Quote: Originally Posted By crickett13 on 2/25/2010
1) Avoid trading early on. For some people trading is one of the most fun parts of the game but untill you understand the ratings system avoid it.
2) If you feel you must consider trading Do not accept any unsolicited trades without putting the player on the trade block and mentioning in the world chat that you may be willing to trade the player. If someone offers a newbie an unsoliceited trade there is a 99.8% chance their intentions are not good.
3) Find out what owners do not hate coach hiring. There is a reason they don't hate it. Ask them why.
4) Understand that ratings work together. For instance a 99 power does not mean that a player should hit a lot of home runs. If other ratings are low it could just mean that he hits a lot of really impresive Pop ups.
5) Total ratings do not mean much at all untill you understand the game better so do not use them for now. You can have a starting pitcher with an 81 total who is garbage and a closer with a 68 total who is a stud.

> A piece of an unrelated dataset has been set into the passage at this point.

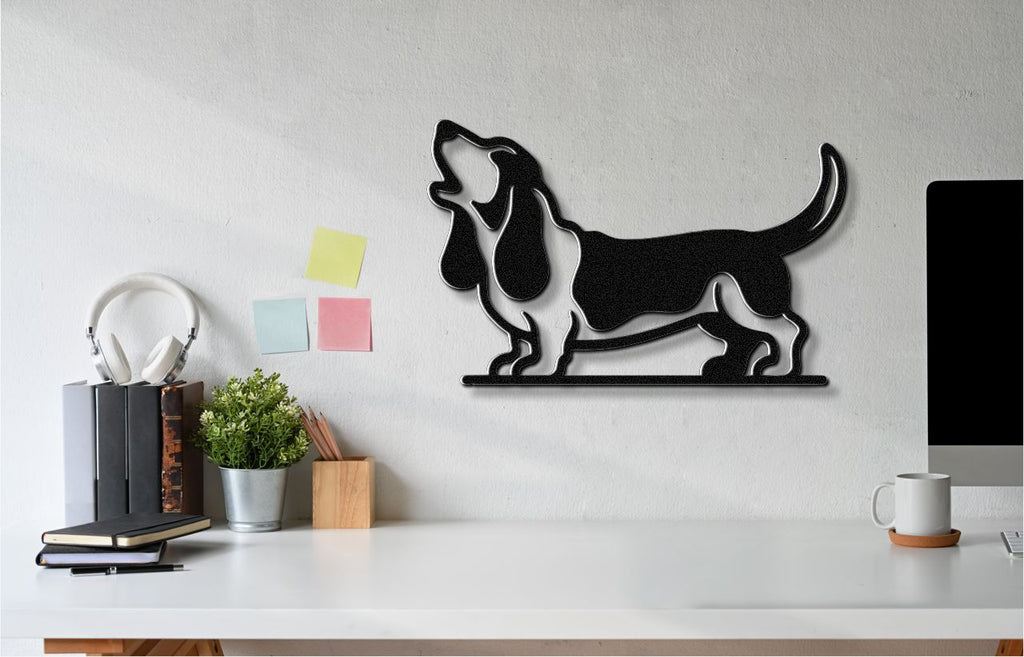 Basset Hound Metal Wall Art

To me, this one is the low hanging fruit. If you put a guy on the market, and multiple owners are making offers to you, then market forces dictate that you will get good offers (especially through counteroffering and letting them know that you have multiple offers). Even if you aren't comfortable with the ratings and don't know which one to pick, you're unlikely to get totally fleeced. I also like the idea, if you must trade, of identifying guys you want, and then going and getting them. Even if you overpay a little, the worst case scenario is you overpayed for something you wanted that has value to you.
4 more things:
1) OVRs mean little, and they mean
nothing when comparing players at different positions. A 70 OVR C or DH could be a 3-time MVP/surefire HOFer. A 70 OVR SS either can't hit at all or can't field the SS position (or both). This is the sort of stuff that takes time to learn.

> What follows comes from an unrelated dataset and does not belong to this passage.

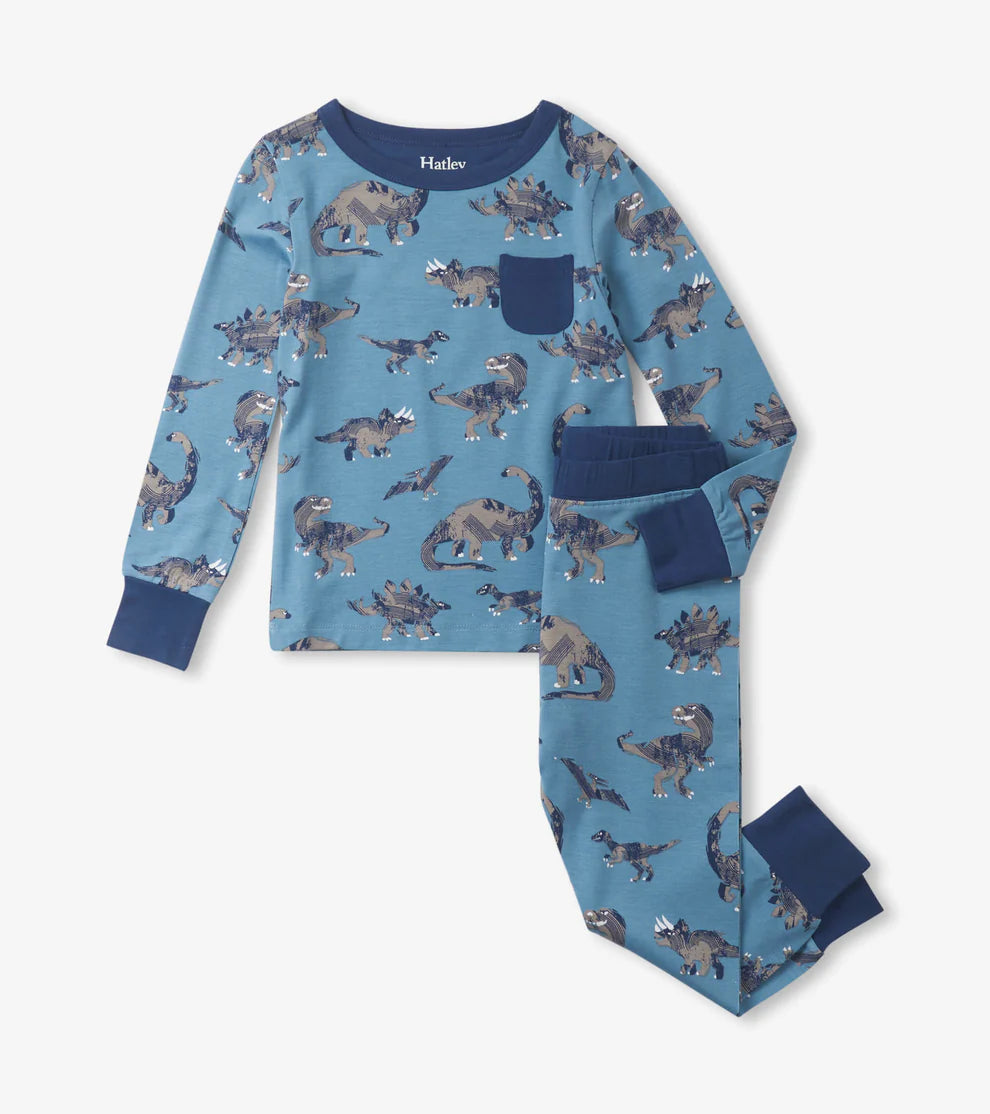 Dino Bamboo PJ Set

2) A player's correct defensive position is determined by his 4 key defensive ratings (range, glove, arm strength, arm acc), not by what is listed. Find the positional recs, print them out, and for a while, have them at hand. This is especially valluable if the guy who owned your club before you wasn't big on asigning correct positions to his minor league prospects. It makes a big difference when you realize that that no-hit, high-OVR Right Field prospect is really a 3B or maybe a SS, and his bat really plays at those positions. It also is very helpful in FA- you need to avoid paying good money for the aging SS whose defense no longer merits the SS label at all.

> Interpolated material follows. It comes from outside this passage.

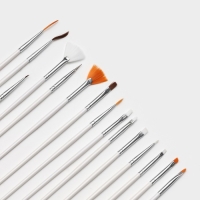 Набор кондитерских кисточек для декорирования Доляна &laquo;Слоновая кость&raquo;, 15 шт, цвет белый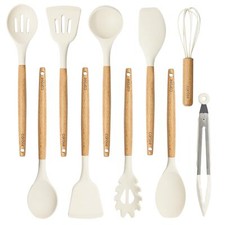 Juego de utensilios de cocina de silicona para cocina 446 ° F resistente al calor 10 piezas antiadherente...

3) Max out Advanced Scouting. There are 4 types of scouting budgets. With a new team you will start at $10m for each, and can move each up to $4m in either direction each season. The min is $0 and the max is $20m. The 4 types of scouting are High School, College, International, and Advanced. The first 3 are types of Amateur scouting, and I won't get into them. Advanced Scouting yields projections for professional players under age 27 (yours and other teams'). Eventually, you'll be able to figure out what a young player will look like fully developed, and you'll cut this budget to save money. At first, you need projections, and you need them to be as good as possible. In your first season, that means $14m Advanced Scouting. Then understand these 2 things about the projections you see: (a) If a guy has stopped improving year-over-year, or you can see 4 Spring Trainings on his player card, he's done improving and ignore the projections, and (b) At $14m, your projections will be decent but not great, and good prospects may look like star prospects and vice versa.
4) Inintial Free Agent demands will drop by well over 50% between the opening of FA and the middle of Spring Training for guys who are not getting offers at their initial asking price. And there will still be some usefull mid-back of the roster guys to be had. You don't have to have every roster slot set in stone by the end of FA/Rule 5. In fact you probably should always have 1 or 2 open, sometimes more.